• **Problem**: Copy out exactly the lines from the one containing "Breast Lift" to the last line of the records below, both included, and leave out any pictures.

• **Dataset items**:
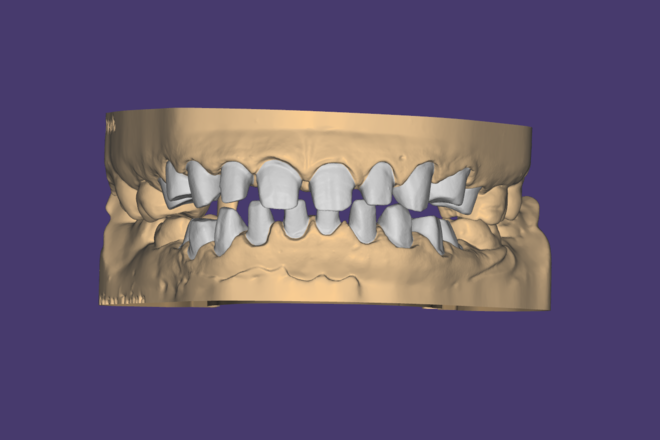 Crown Bridge - CadCam Masters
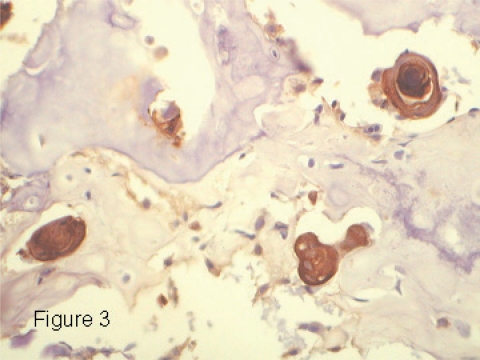 Squamous differentiation and cytokeratin expression in an osteosarcoma: a case report and review of the literature.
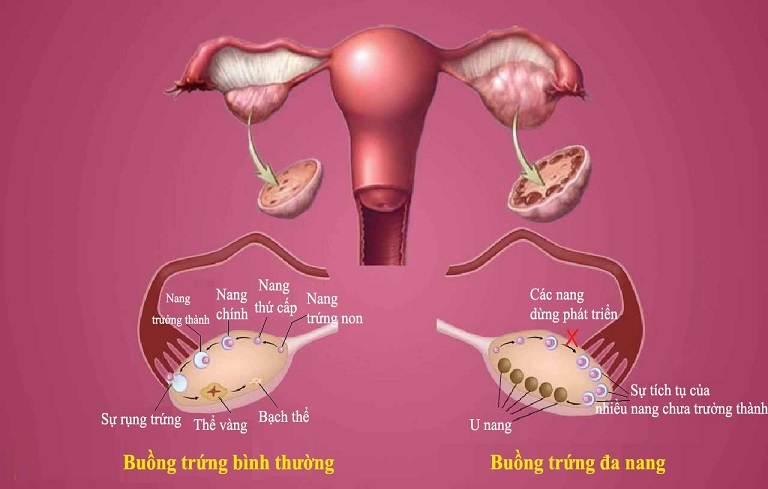 Buồng trứng đa nang là bệnh lý thường gặp ở chị em, hình thành do sự chênh lệch quá lớn giữa hormone nam và nữ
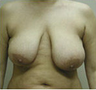 Breast Lift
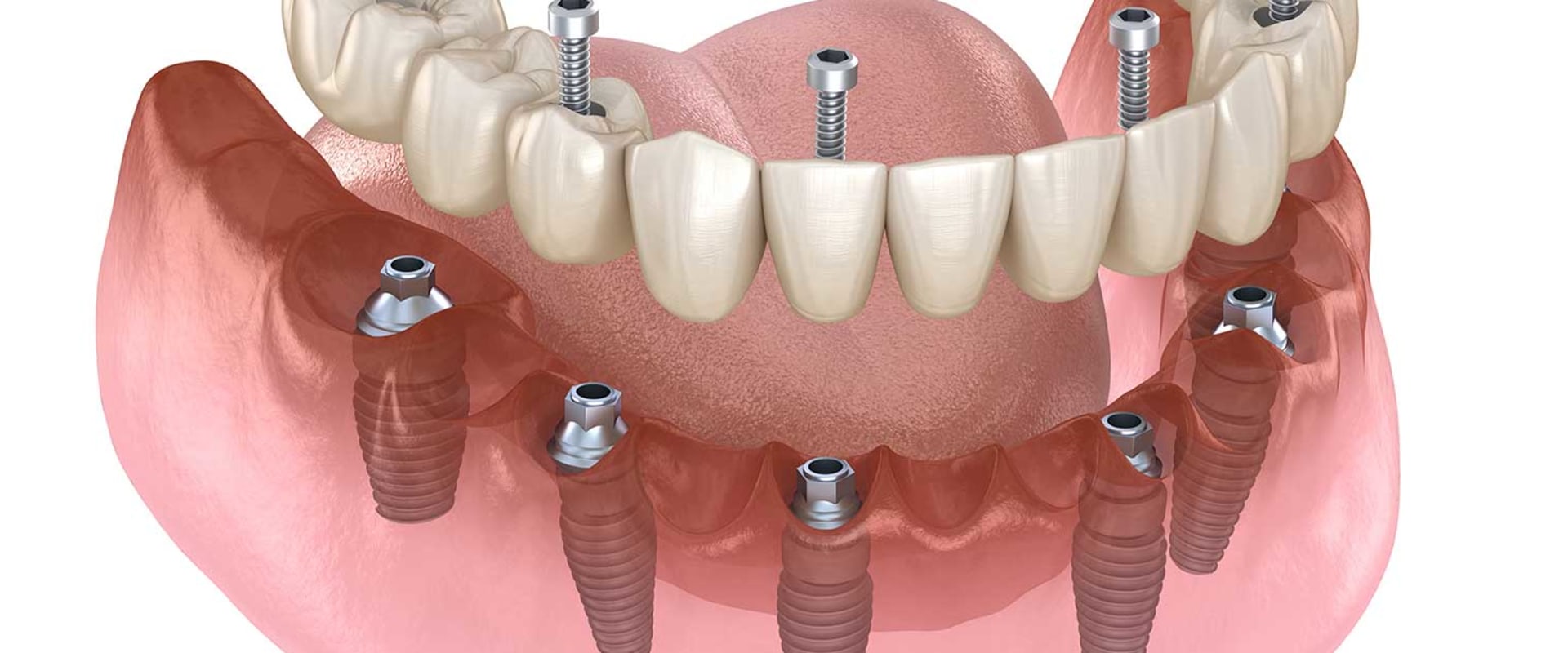Making The Right Choice: How To Find The Best Dentist For All-On-Four Dentures In Monroe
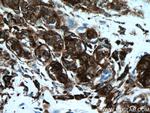 CD63 Antibody in Immunohistochemistry (Paraffin) (IHC (P))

• **Result for this task**:
 Breast Lift
Making The Right Choice: How To Find The Best Dentist For All-On-Four Dentures In Monroe
 CD63 Antibody in Immunohistochemistry (Paraffin) (IHC (P))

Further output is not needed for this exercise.